The preliminary in-orbit observation results of Chinese first grazing incidence focusing X-ray pulsar detector
- Paper number
IAC-17,A7,3,12,x40872
- Author
Dr. Loulou Deng, Beijing Institute of Control Engineering(BICE), China Academy of Space Technology(CAST), China
- Coauthor
Prof. Zhiwu Mei, Beijing Institute of Control Engineering(BICE), China Academy of Space Technology(CAST), China
- Coauthor
Dr. Liansheng Li, Beijing Institute of Control Engineering(BICE), China Academy of Space Technology(CAST), China
- Coauthor
Prof. Yong Wang, Beijing Institute of Control Engineering(BICE), China Academy of Space Technology(CAST), China
- Coauthor
Mr. Heng Shi, Beijing Institute of Control Engineering, China
- Coauthor
Dr. Kai Xiong, Beijing Institute of Control Engineering, China
- Coauthor
Mr.

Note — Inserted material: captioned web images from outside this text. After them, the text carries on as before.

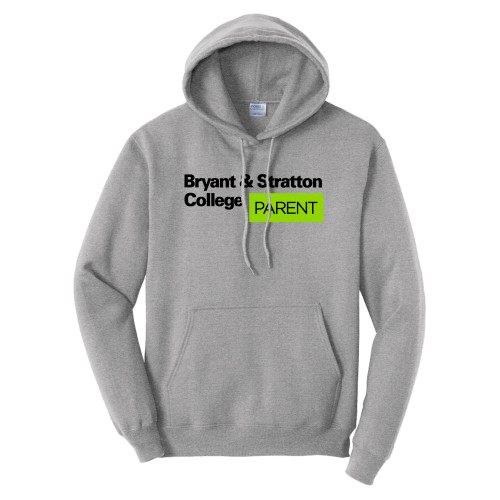  Tall Athletic Heather Fleece Hoodie - B&SC Parent - PLUS
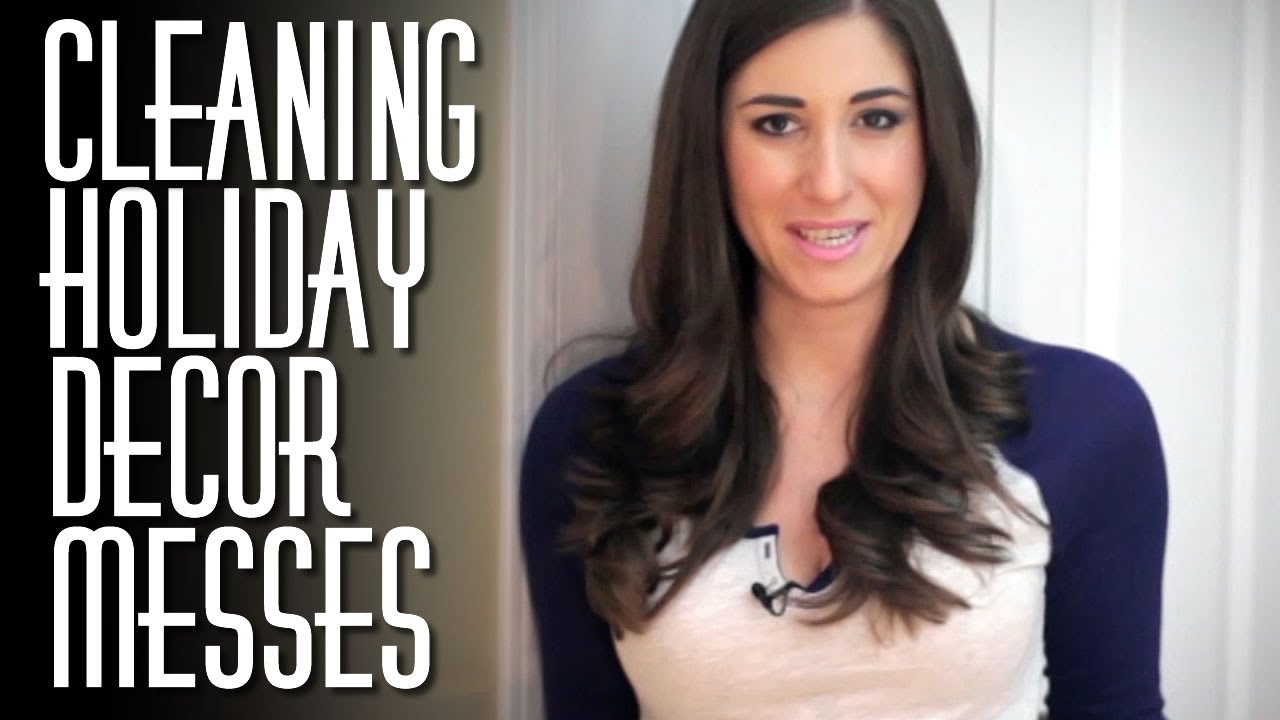 how to toss a caber Clean-Up Holiday Decor! | Day 10 of the 12 Days of Clean - Clean My Space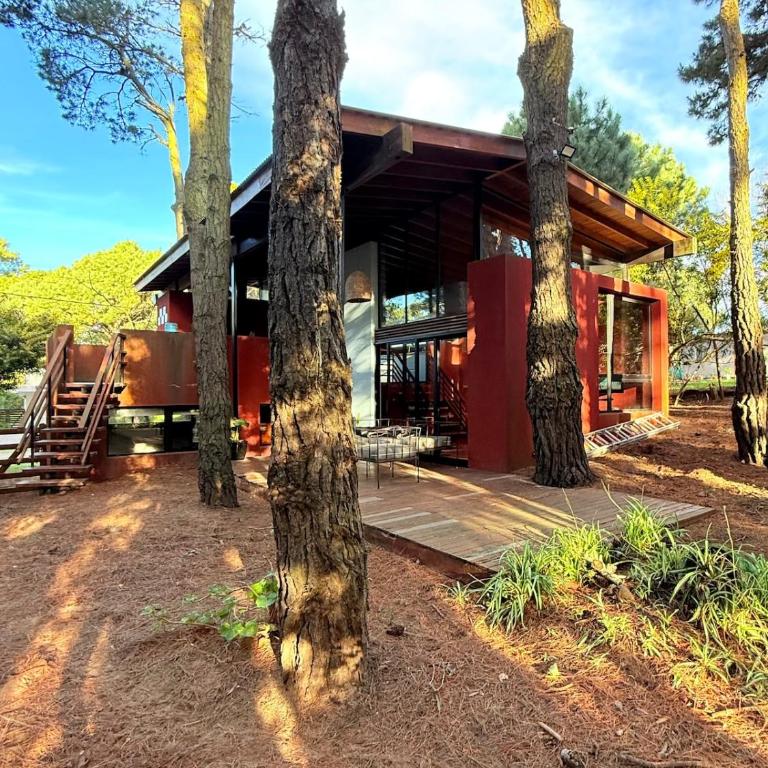 Moderna casa en valeria del mar rodeada de bosque - Casa de 2 dormitorios - 1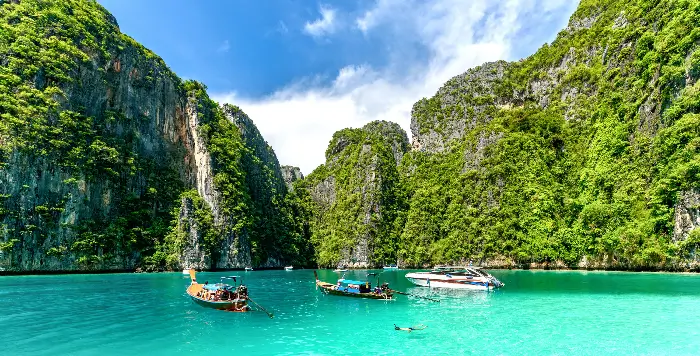 푸켓 - 피피섬(Phi Phi Island)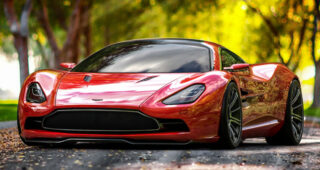 Aston Martin เตรียมทำรถรุ่น "DBC" รถ Supercar ขนาดกลางรุ่นใหม่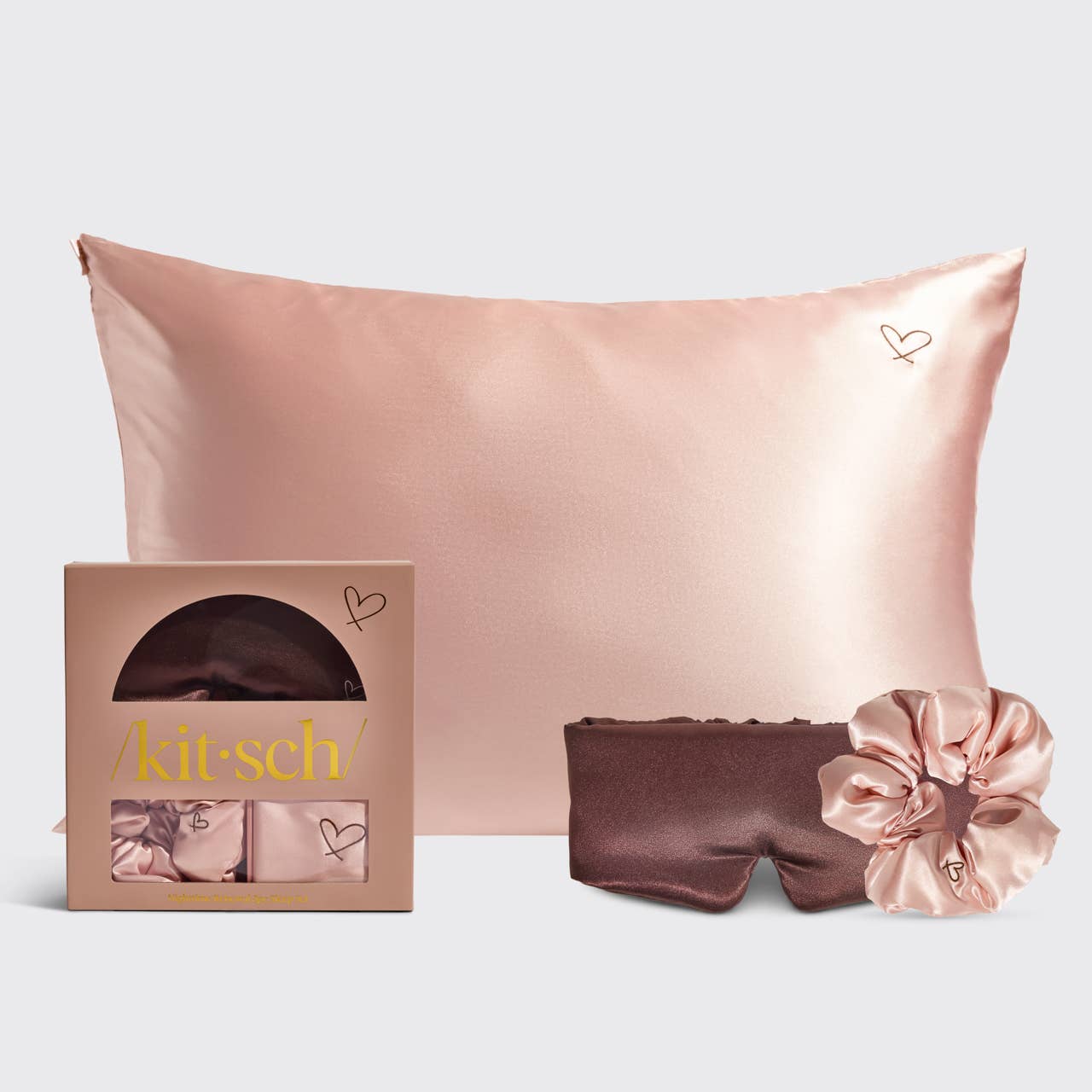 Kitsch The Nighttime Renewal 3pc Sleep Set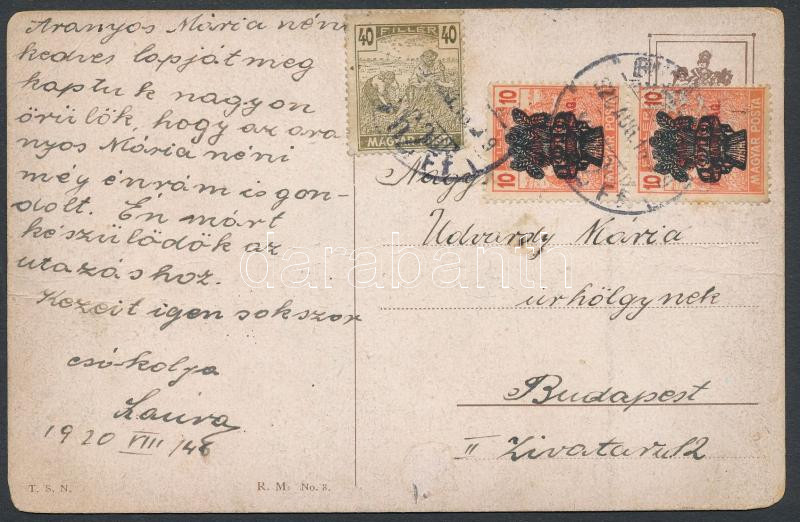 Lot 642 - Hungary Hungarian covers at a very low starting price - Darabanth Co Ltd Online auction of stamps, postcards and other collectibles #286 Lot 642 - Hungary Hungarian covers at a very low starting price - Darabanth Co Ltd Online auction of stamps, postcards and other collectibles #286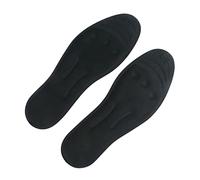 1 par de plantillas líquidas, plantillas a prueba de golpes, plantillas de glicerol, plantillas de masaje, plantillas de tacón alto/553 (Color : Black, Size : M)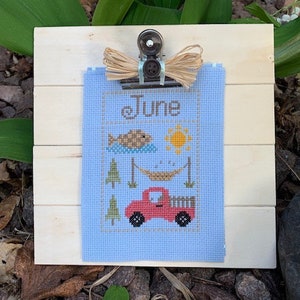 POCKET PATTERN - JUNE -New Release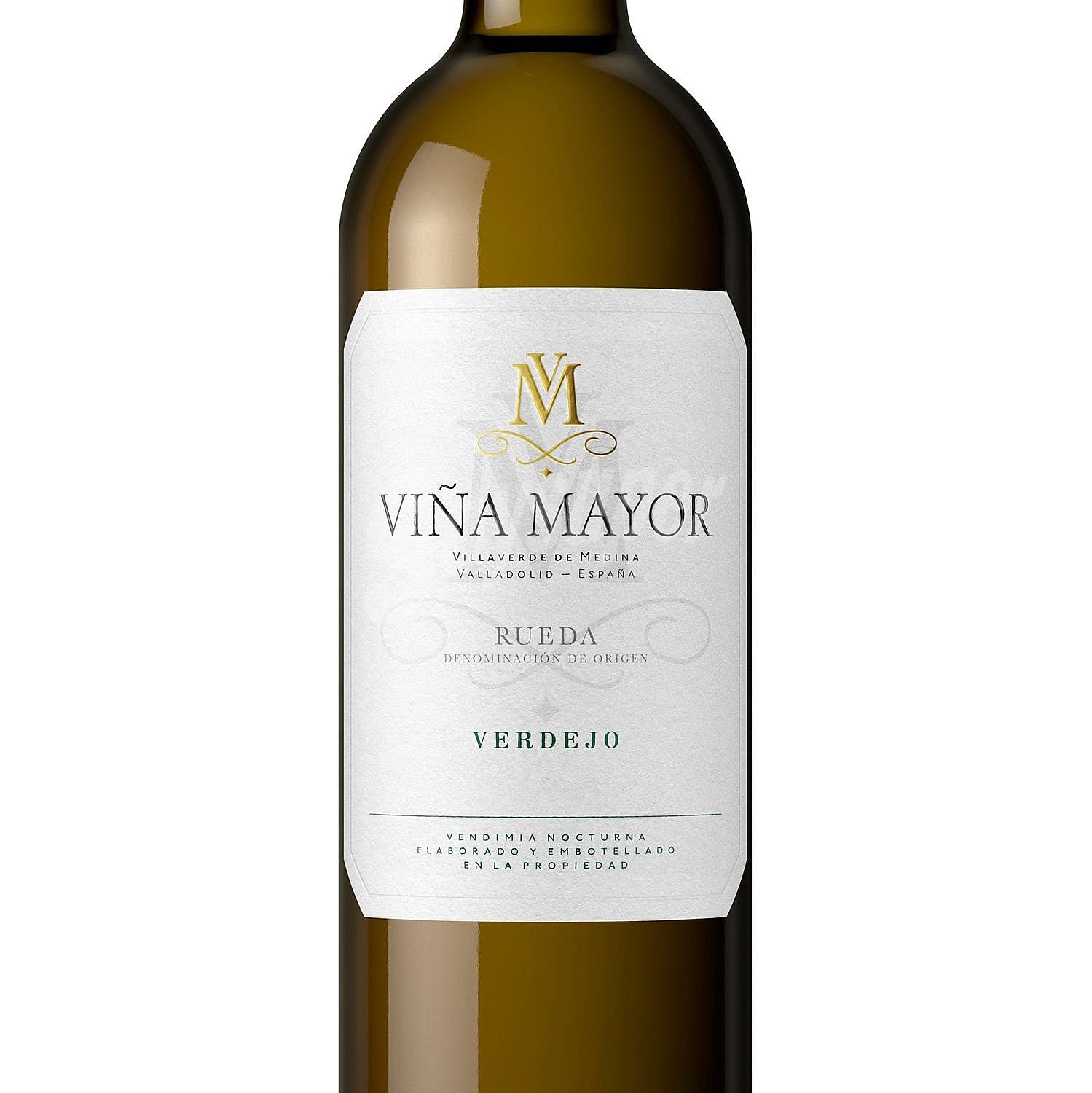 Vino blanco verdejo con denominación de origen Rueda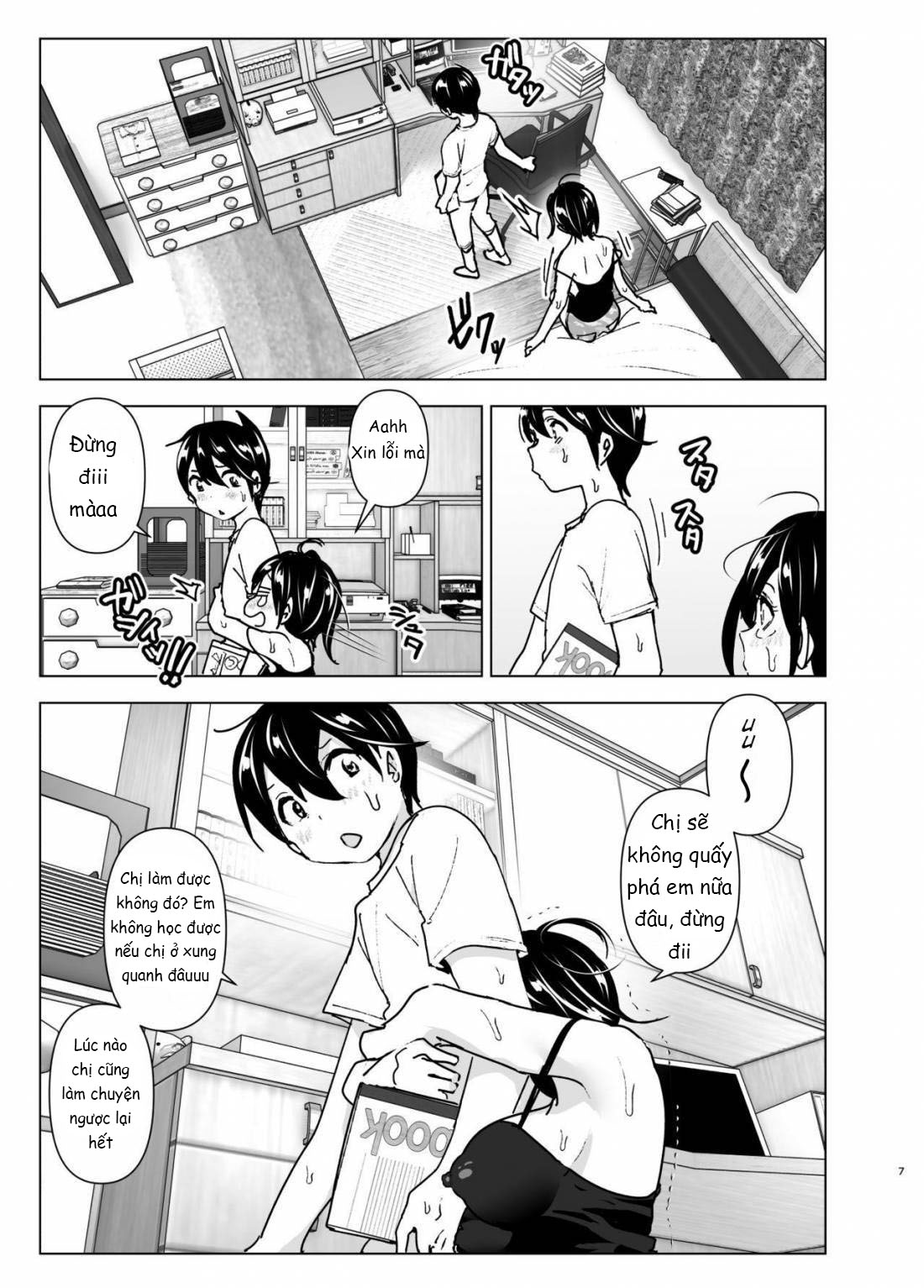 Đọc truyện hentai Tình nghĩa cảm động của hai chị em - Oneshot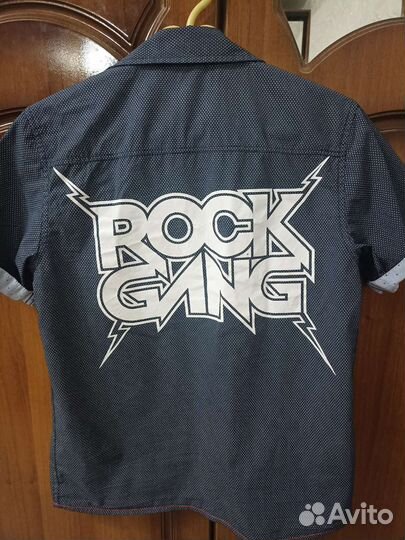 Рубашка с коротким рукавом, 152см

Zhengxin Lv, Beijing Institute of Control Engineering(BICE), China Academy of Space Technology(CAST), China
- Coauthor
Prof. Yanan Mo, Beijing Institute of Control Engineering(BICE), China Academy of Space Technology(CAST), China
- Coauthor
Dr. Lei Wang, Beijing Institute of Control Engineering(BICE), China Academy of Space Technology(CAST), China
- Coauthor
Dr. Fuchang Zuo, Beijing Institute of Control Engineering(BICE), China Academy of Space Technology(CAST), China
- Coauthor
Dr. Jianwu Chen, Beijing Institute of Control Engineering(BICE), China Academy of Space Technology(CAST), China
- Coauthor
Dr. Yongqiang Shi, Beijing Institute of Control Engineering(BICE), China Academy of Space Technology(CAST), China
- Coauthor
Dr. Chao Xu, Qian Xuesen Laboratory of Space Technology, China Academy of Space Technology (CAST), China
- Year
2017
- Abstract
The world’s first X-ray pulsar experiment satellite (XPNAV-1) was launched by China on November 10th, 2016. The main payload of XPNAV-1 is a grazing incidence focusing X-ray pulsar detector (iFoXPD) which was developed by the Beijing Institute of Control Engineering of China Academy of Space Technology (CAST). The scientific objectives of XPNAV-1 were to: detect the Crab pulsar and research its radiation characteristics; obtain the profile of Crab according to the in-orbit observed data; verify the feasibility of pulsar detecting technical proposal and the performance of payload. The iFoXPD is composed of multi-layer nested Wolter-I X-ray optics, silicon drifted detector, magnetic diverter, electronics, stable structure, micro star sensor, etc. Based on the full reflection theory, the Wolter-I optics reflect and focus the X-ray photons radiated by pulsar onto the silicon drifted detector. Both the time of arrival and energy of each photon can be recorded accurately through the read-out electronics. Finally, the profile of pulsar is obtained based on the time transformation model, period searching and profile folding algorithms. This paper mainly introduces scientific exploration mission, the scientific payload’s design, operational principle, design principles, performance indexes and construction. The preliminary observation results are also described in detail.